_DIRECTIONS FOR THIS TASK:_ Beginning with the line that contains "Chocolate with hazelnuts, close-up" and ending with the line that contains "Bathroom with a", reproduce the lines of the entries below exactly, omitting pictures.

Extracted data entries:
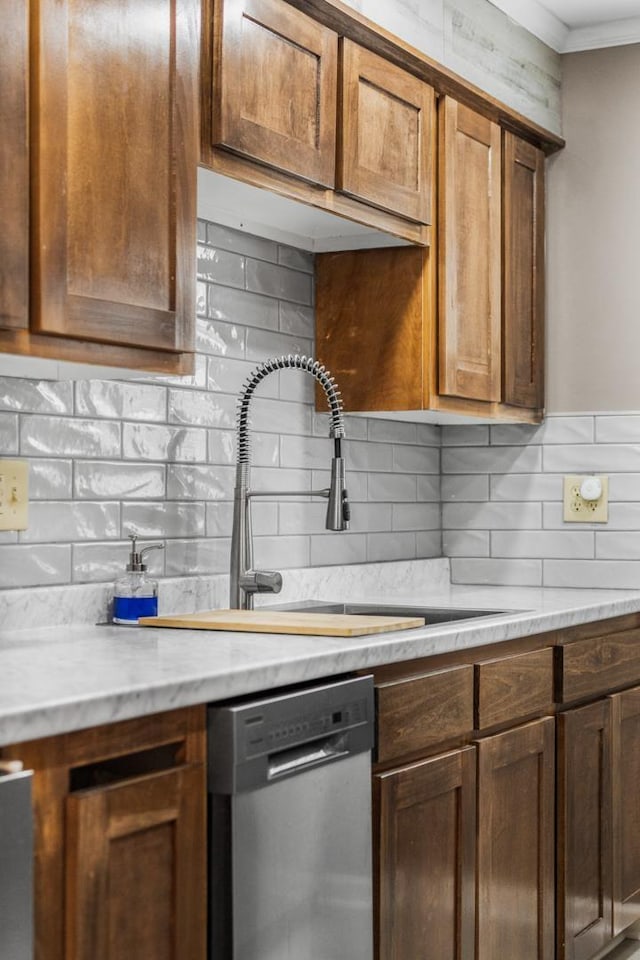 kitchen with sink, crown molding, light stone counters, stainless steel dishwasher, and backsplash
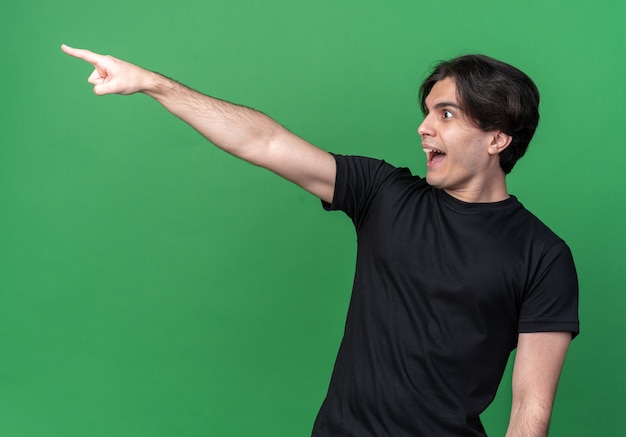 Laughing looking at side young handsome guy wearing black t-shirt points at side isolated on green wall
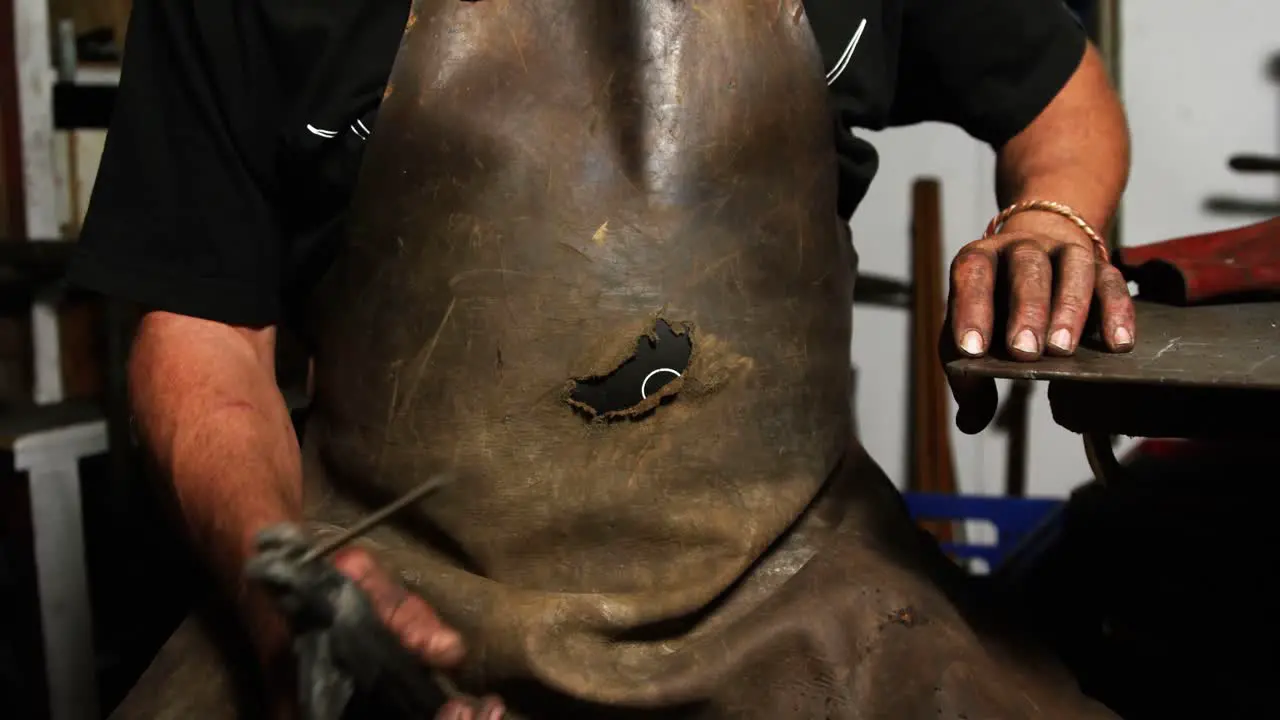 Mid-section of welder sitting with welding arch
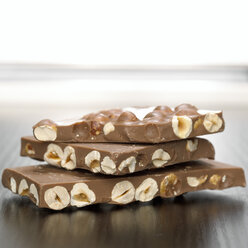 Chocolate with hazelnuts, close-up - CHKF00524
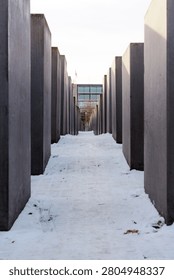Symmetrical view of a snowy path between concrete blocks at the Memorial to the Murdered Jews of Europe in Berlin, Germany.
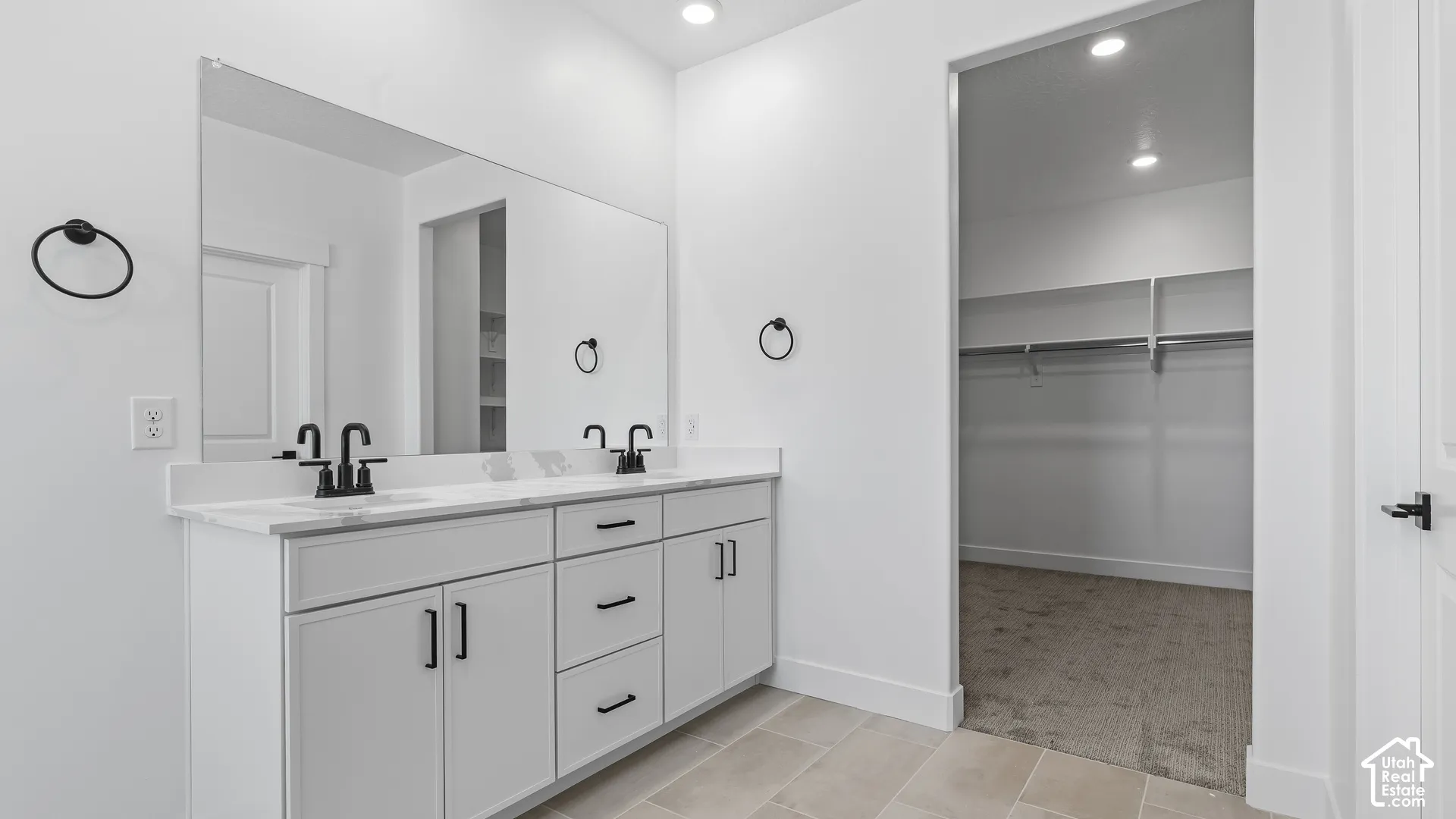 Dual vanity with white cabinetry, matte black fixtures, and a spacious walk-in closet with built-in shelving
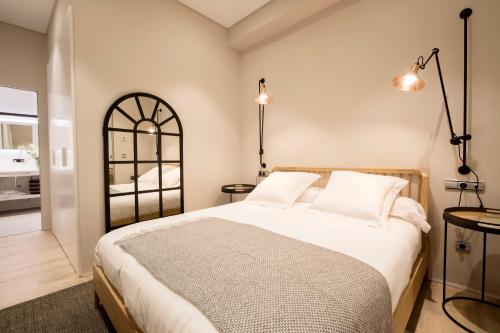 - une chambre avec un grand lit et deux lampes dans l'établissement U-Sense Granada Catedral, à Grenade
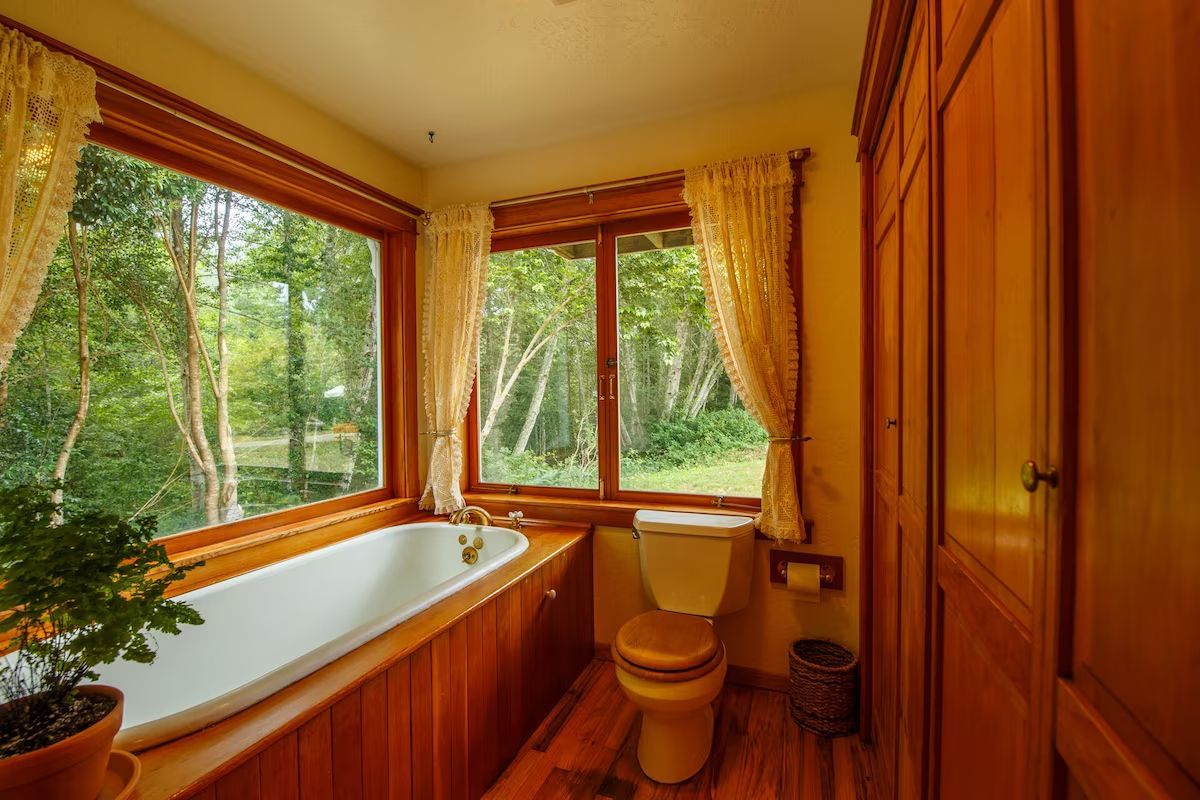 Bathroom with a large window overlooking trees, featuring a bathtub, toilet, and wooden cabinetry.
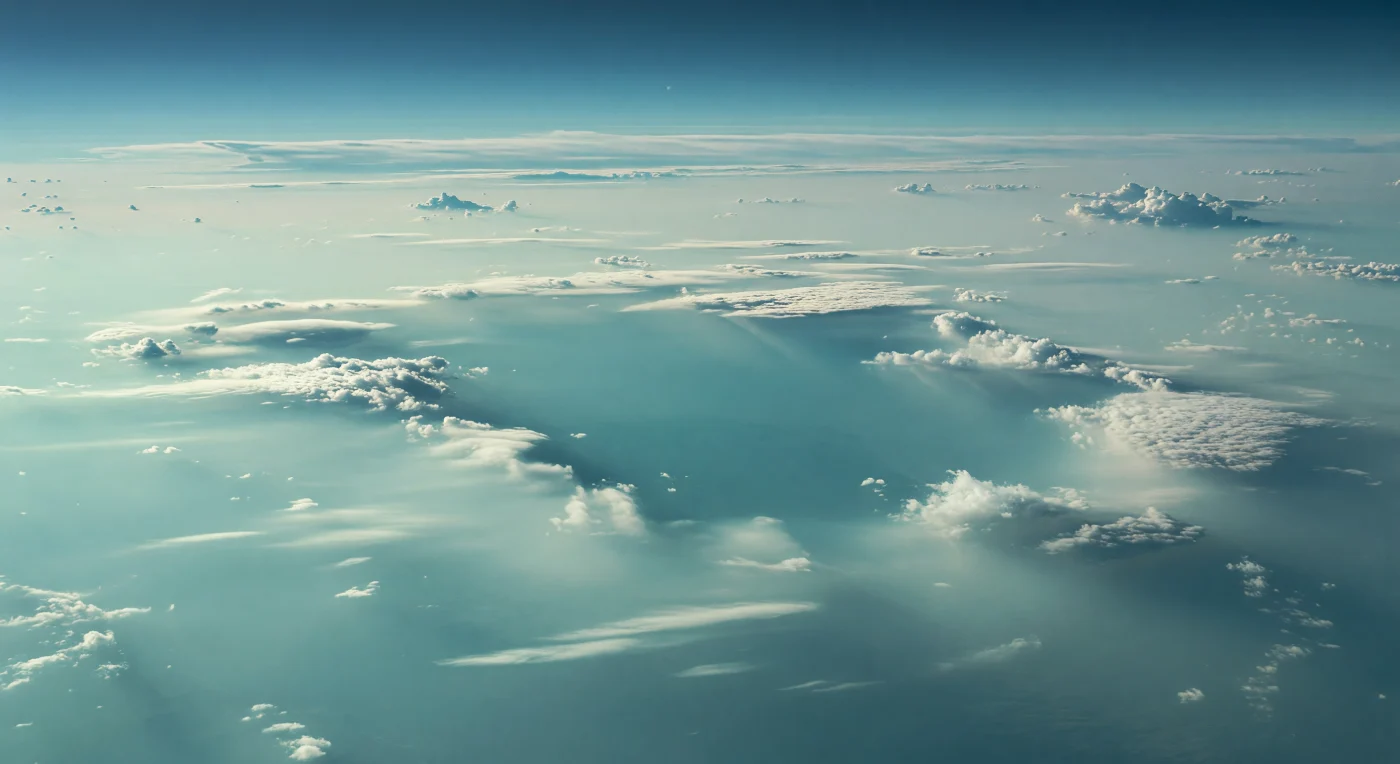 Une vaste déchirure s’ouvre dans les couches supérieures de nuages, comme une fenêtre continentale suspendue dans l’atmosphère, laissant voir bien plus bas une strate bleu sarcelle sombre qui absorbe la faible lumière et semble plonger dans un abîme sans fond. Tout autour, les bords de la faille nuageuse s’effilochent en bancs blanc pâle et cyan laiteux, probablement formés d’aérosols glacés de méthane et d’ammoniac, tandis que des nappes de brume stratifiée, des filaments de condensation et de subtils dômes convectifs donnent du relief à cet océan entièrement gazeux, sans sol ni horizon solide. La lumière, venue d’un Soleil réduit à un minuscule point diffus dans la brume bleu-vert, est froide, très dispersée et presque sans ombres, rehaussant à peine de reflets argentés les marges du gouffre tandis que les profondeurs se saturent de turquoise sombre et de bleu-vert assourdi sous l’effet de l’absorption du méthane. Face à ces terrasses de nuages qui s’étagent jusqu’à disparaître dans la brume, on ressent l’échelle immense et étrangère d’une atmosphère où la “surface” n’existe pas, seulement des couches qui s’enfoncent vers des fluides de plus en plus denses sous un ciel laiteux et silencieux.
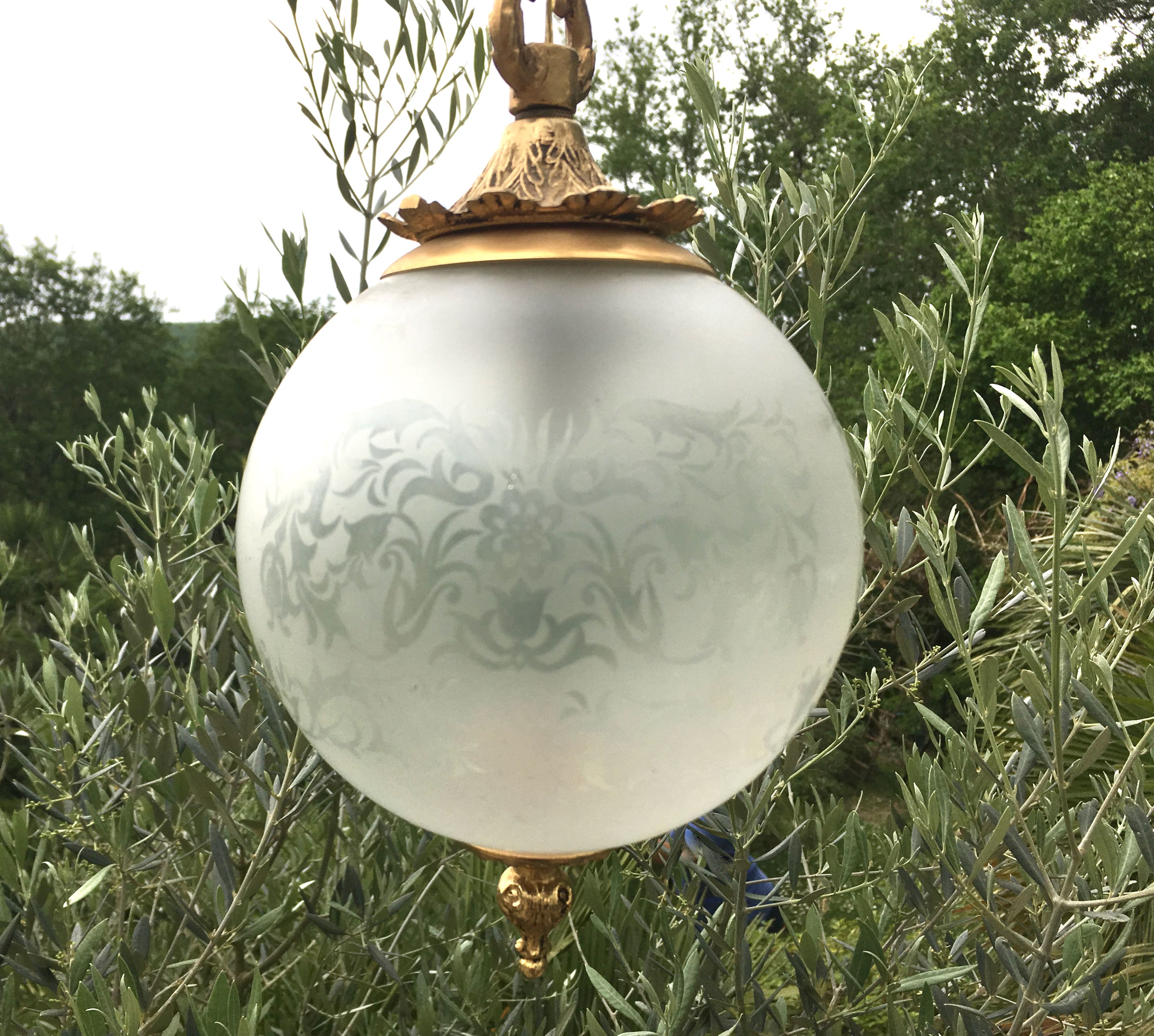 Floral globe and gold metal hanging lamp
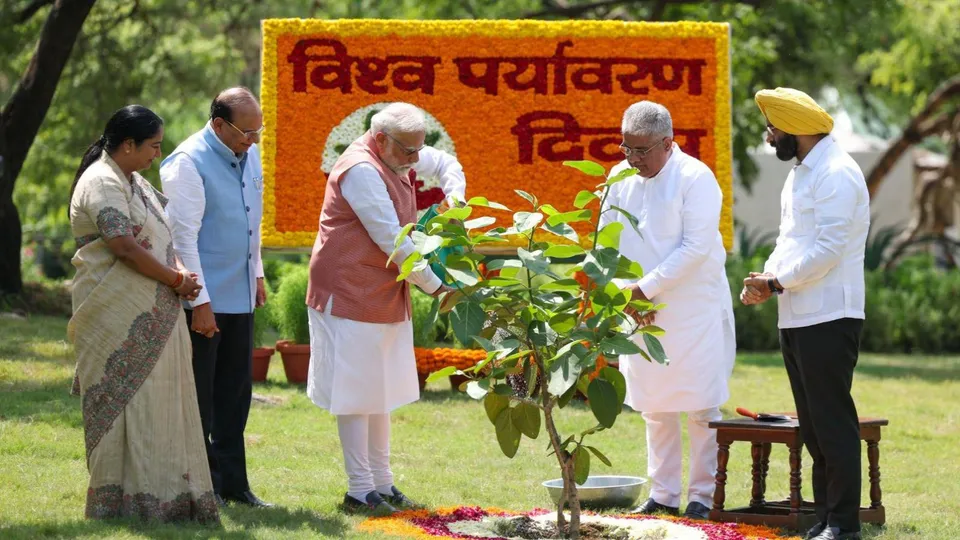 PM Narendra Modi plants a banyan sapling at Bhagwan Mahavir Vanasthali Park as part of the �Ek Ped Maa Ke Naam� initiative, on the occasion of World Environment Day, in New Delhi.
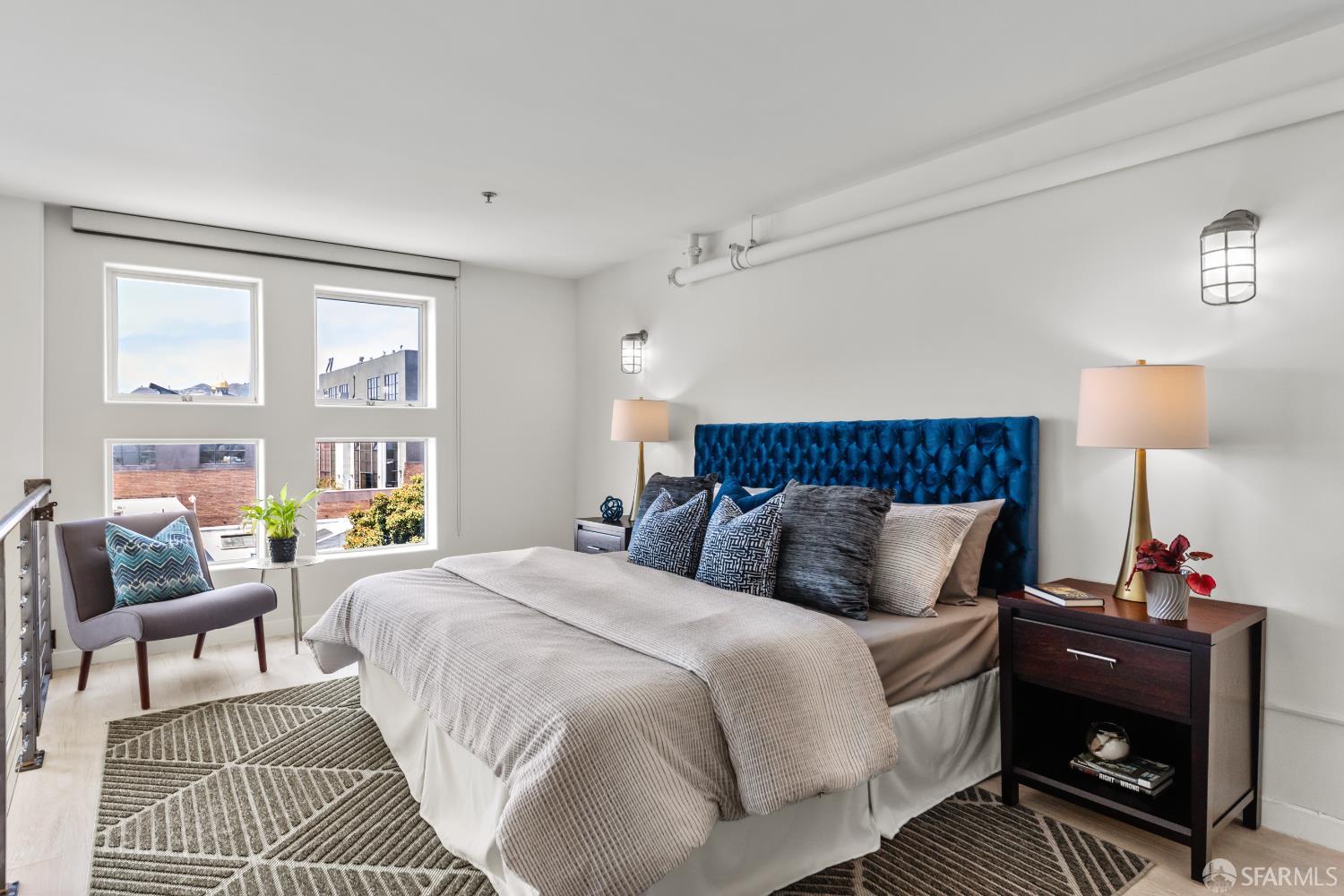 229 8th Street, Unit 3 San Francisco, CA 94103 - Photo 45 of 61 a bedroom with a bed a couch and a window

_SOLUTION BELOW:_
 Chocolate with hazelnuts, close-up - CHKF00524
Symmetrical view of a snowy path between concrete blocks at the Memorial to the Murdered Jews of Europe in Berlin, Germany.
 Dual vanity with white cabinetry, matte black fixtures, and a spacious walk-in closet with built-in shelving
 - une chambre avec un grand lit et deux lampes dans l'établissement U-Sense Granada Catedral, à Grenade
 Bathroom with a large window overlooking trees, featuring a bathtub, toilet, and wooden cabinetry.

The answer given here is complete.